DATASET SECTION.
══════

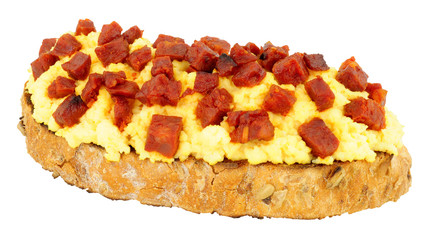 Wall Mural - Scrambled eggs with diced chorizo salami on toast isolated on a white background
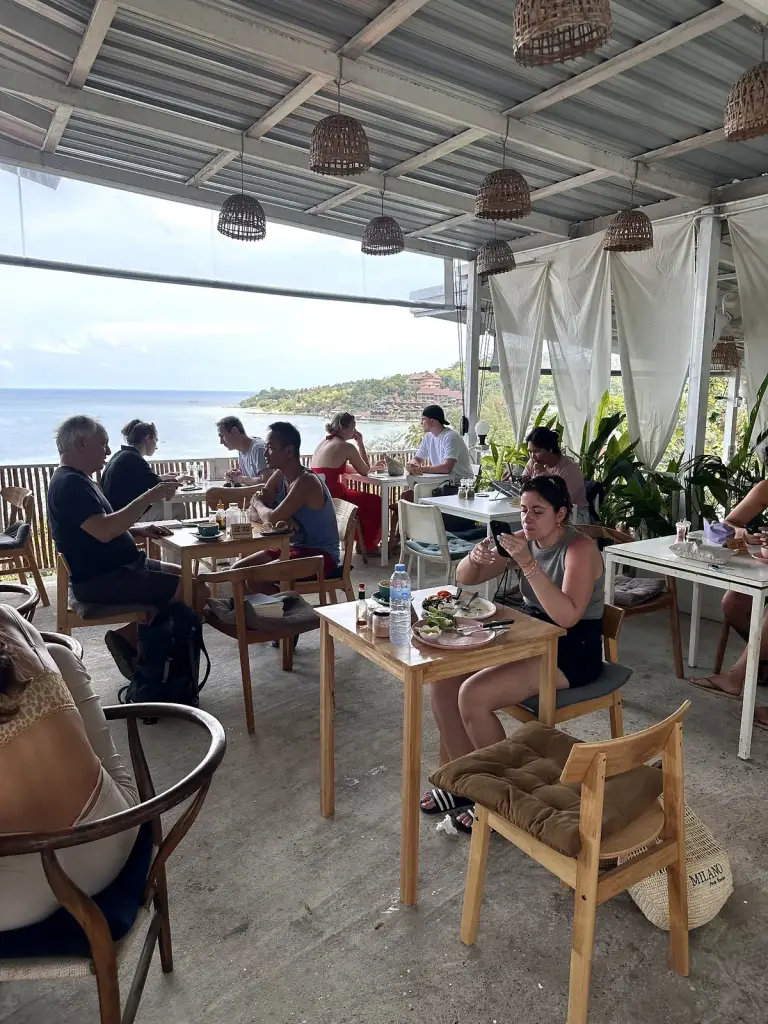 Les tables près de la rambarde chez What's Cup, face à la vue sur Haad Yao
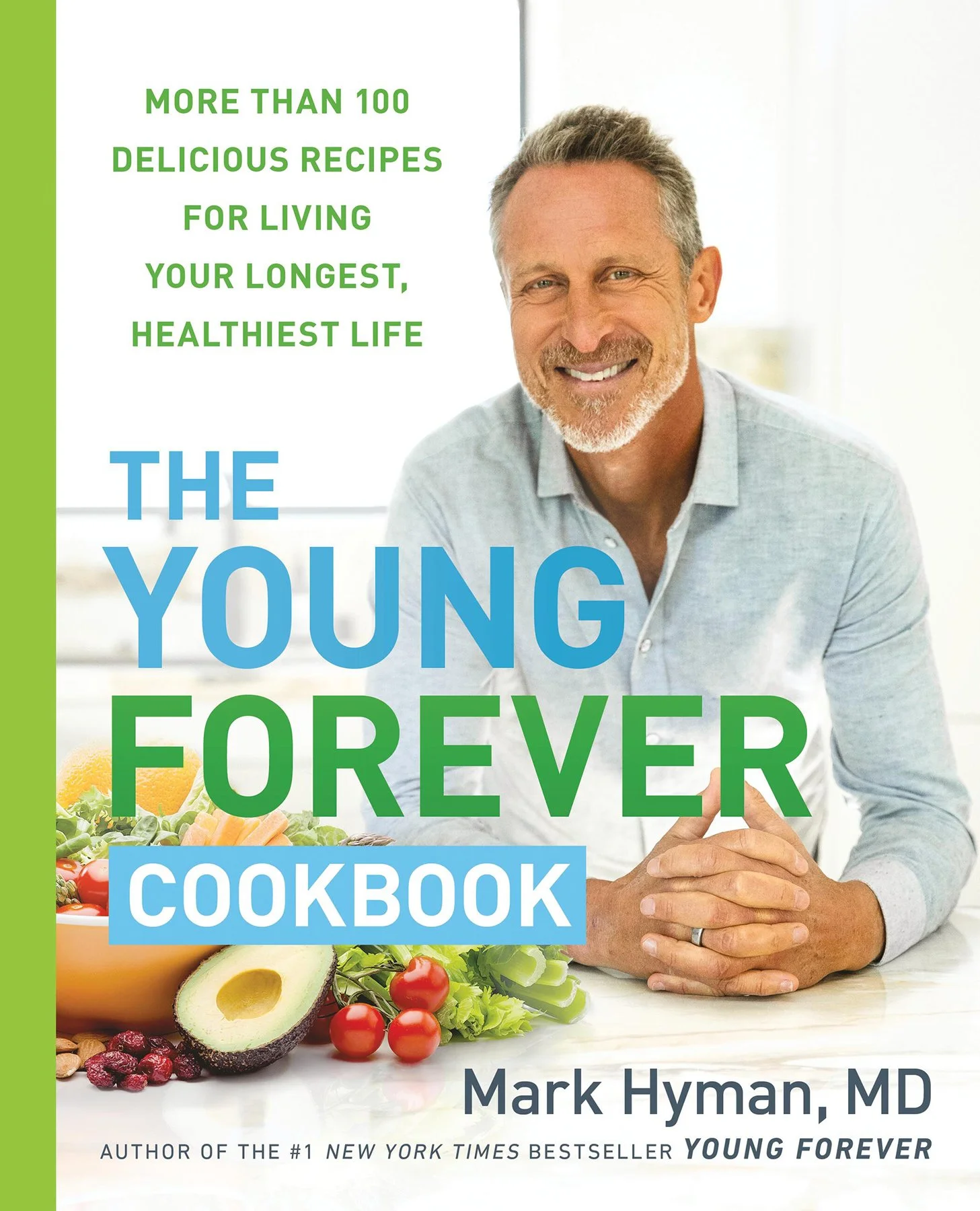 Cover of a cookbook titled "The Young Forever Cookbook" by Mark Hyman, MD, art directed and prop styled by rayna marlee. Mark sitting at a table with fresh vegetables and fruits like avocados, tomatoes, and lettuce in the foreground.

══════

GOAL OF THE EXERCISE. Produce the material above again in full, with identical lines and no pictures.

ANSWER TO THIS PROBLEM.
 Wall Mural - Scrambled eggs with diced chorizo salami on toast isolated on a white background
 Les tables près de la rambarde chez What's Cup, face à la vue sur Haad Yao
 Cover of a cookbook titled "The Young Forever Cookbook" by Mark Hyman, MD, art directed and prop styled by rayna marlee. Mark sitting at a table with fresh vegetables and fruits like avocados, tomatoes, and lettuce in the foreground.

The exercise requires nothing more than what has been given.